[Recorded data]
════════
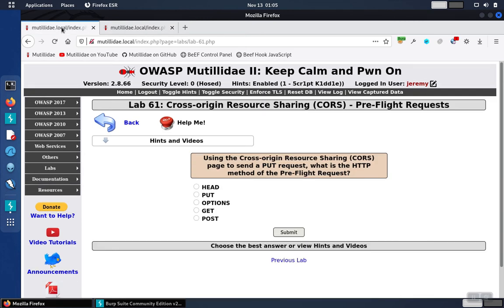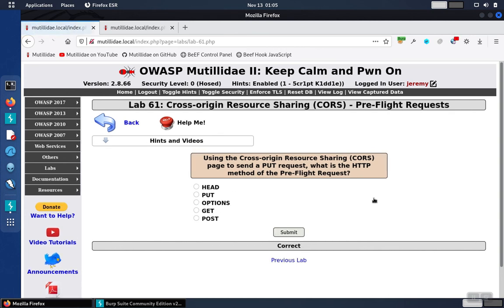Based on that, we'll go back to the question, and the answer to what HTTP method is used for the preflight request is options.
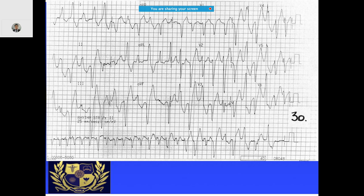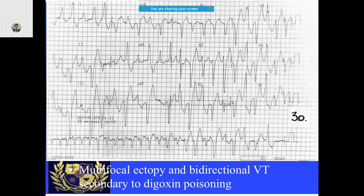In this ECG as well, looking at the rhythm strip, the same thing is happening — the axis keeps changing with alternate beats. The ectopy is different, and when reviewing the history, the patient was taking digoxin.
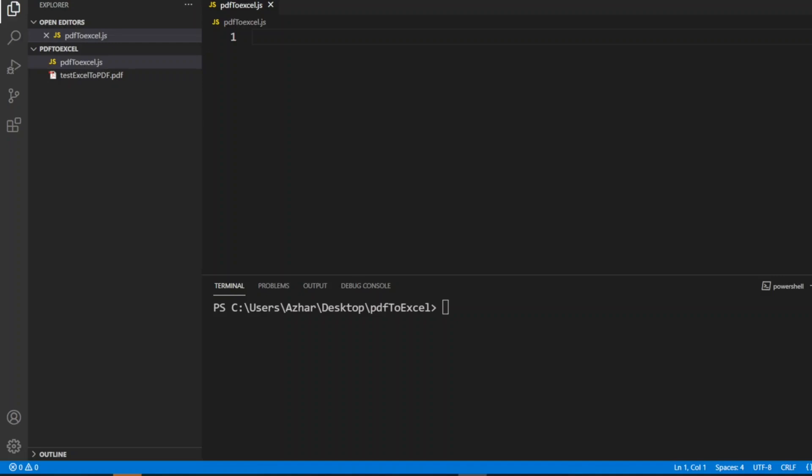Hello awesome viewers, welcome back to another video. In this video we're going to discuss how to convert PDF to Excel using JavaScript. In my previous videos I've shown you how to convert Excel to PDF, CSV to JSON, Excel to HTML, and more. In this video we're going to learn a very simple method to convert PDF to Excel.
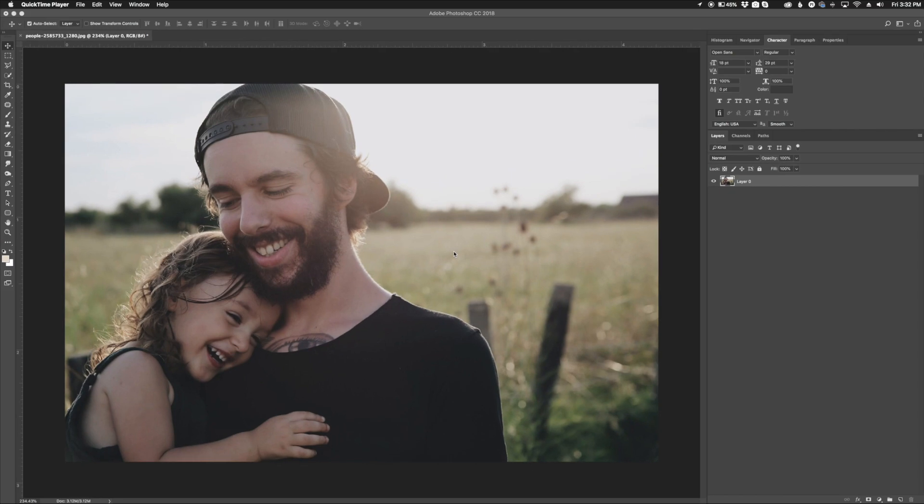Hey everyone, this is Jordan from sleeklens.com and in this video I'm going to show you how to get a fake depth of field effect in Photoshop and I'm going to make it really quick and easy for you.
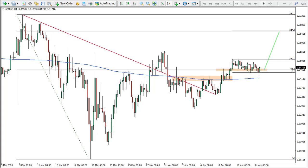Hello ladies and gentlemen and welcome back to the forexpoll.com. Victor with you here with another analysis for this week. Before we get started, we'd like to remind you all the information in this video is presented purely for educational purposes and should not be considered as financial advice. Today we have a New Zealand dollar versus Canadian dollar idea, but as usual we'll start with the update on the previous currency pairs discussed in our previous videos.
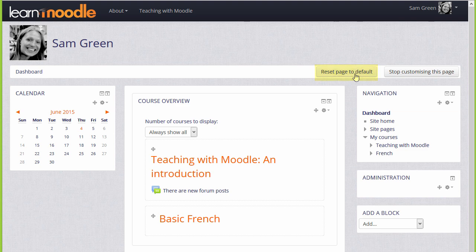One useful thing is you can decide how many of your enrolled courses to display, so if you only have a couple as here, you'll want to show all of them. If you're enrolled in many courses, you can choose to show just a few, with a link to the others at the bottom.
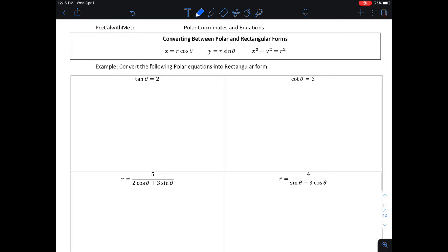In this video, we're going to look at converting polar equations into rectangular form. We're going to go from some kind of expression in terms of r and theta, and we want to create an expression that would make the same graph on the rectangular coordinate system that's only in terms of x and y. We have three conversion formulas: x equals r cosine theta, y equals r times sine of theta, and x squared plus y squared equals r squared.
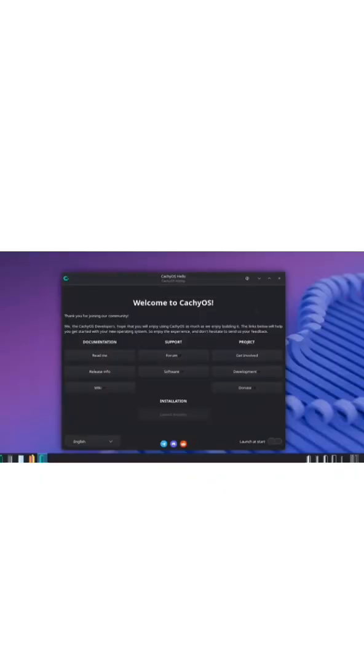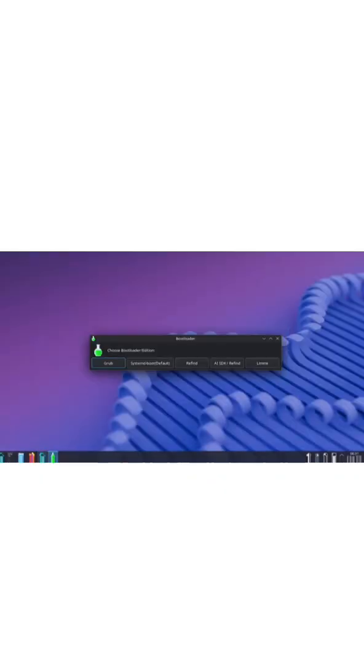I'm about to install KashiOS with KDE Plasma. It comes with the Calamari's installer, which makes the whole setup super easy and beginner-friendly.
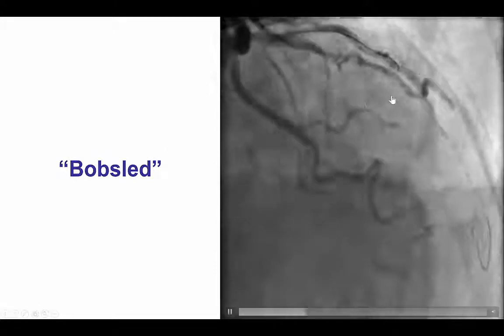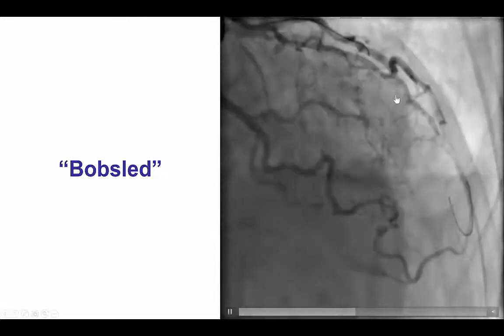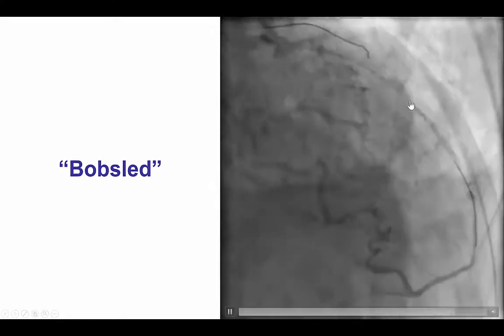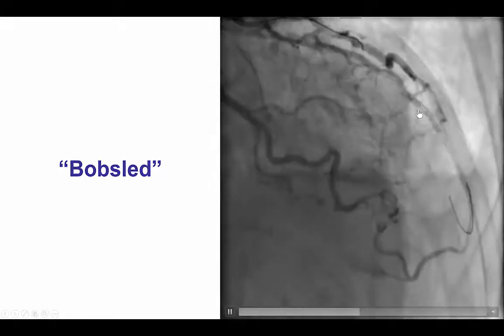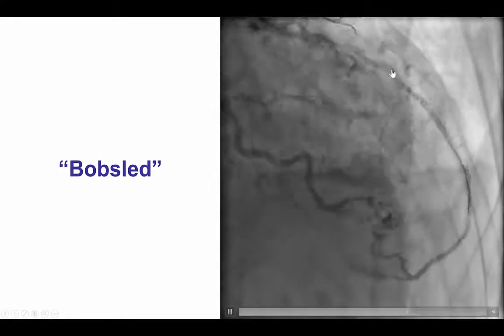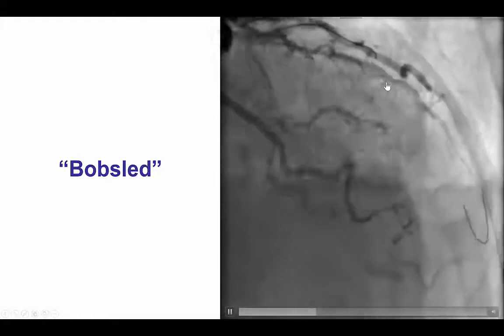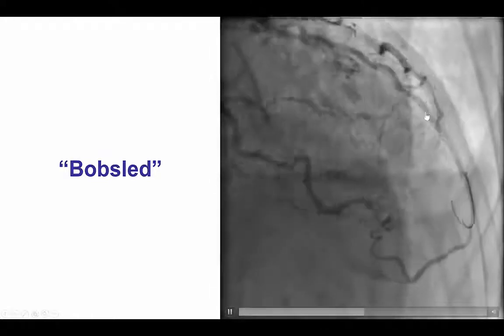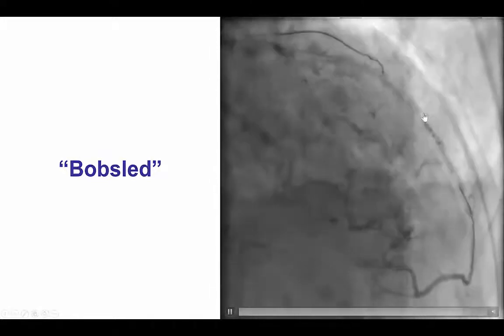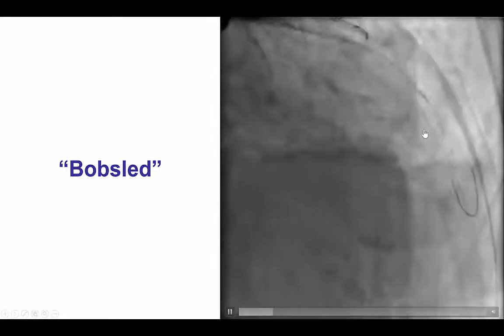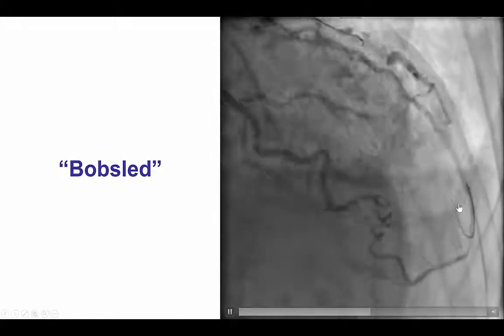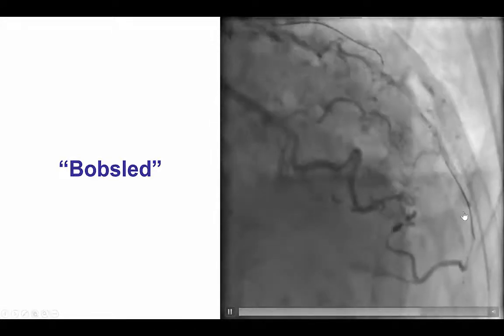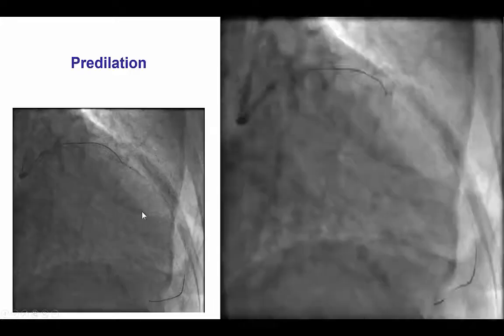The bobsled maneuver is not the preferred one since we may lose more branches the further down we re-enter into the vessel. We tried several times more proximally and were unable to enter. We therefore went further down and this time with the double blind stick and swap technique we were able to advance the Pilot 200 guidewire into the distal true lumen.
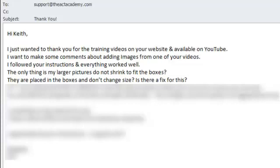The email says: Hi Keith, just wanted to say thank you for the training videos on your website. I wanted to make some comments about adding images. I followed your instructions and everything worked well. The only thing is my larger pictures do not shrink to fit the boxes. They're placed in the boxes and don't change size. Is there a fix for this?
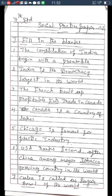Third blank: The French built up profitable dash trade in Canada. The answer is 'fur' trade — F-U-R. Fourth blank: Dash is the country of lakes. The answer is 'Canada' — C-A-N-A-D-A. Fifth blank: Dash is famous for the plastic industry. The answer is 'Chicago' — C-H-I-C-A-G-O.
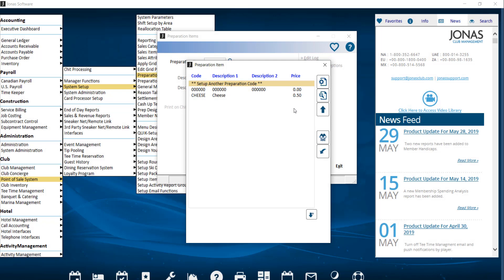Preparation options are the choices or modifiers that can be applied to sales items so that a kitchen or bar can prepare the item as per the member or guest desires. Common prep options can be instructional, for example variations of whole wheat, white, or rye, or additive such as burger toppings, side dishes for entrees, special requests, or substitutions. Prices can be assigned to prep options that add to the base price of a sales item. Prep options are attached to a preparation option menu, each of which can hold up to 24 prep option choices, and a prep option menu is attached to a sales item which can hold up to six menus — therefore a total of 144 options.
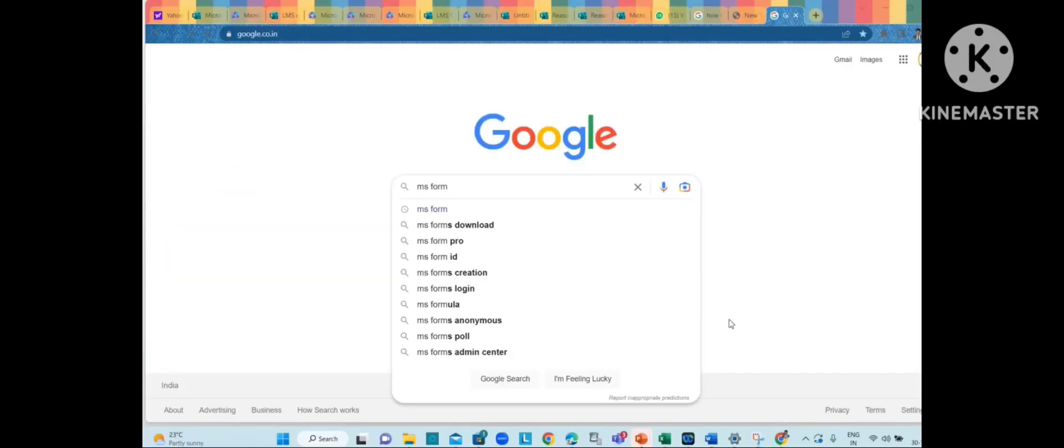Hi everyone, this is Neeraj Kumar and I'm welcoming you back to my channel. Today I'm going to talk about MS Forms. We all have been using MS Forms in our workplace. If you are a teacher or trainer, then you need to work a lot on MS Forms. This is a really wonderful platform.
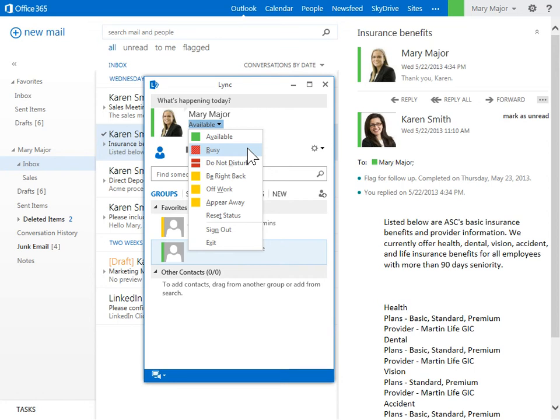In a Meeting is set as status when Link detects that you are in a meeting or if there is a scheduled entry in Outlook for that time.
════════
What's needed is an exact copy of the records above from the line containing "One useful thing" down to the line containing "I'm about to", both included, without any pictures.

[RESULT FOR THIS TASK]
One useful thing is you can decide how many of your enrolled courses to display, so if you only have a couple as here, you'll want to show all of them. If you're enrolled in many courses, you can choose to show just a few, with a link to the others at the bottom.
In this video, we're going to look at converting polar equations into rectangular form. We're going to go from some kind of expression in terms of r and theta, and we want to create an expression that would make the same graph on the rectangular coordinate system that's only in terms of x and y. We have three conversion formulas: x equals r cosine theta, y equals r times sine of theta, and x squared plus y squared equals r squared.
I'm about to install KashiOS with KDE Plasma. It comes with the Calamari's installer, which makes the whole setup super easy and beginner-friendly.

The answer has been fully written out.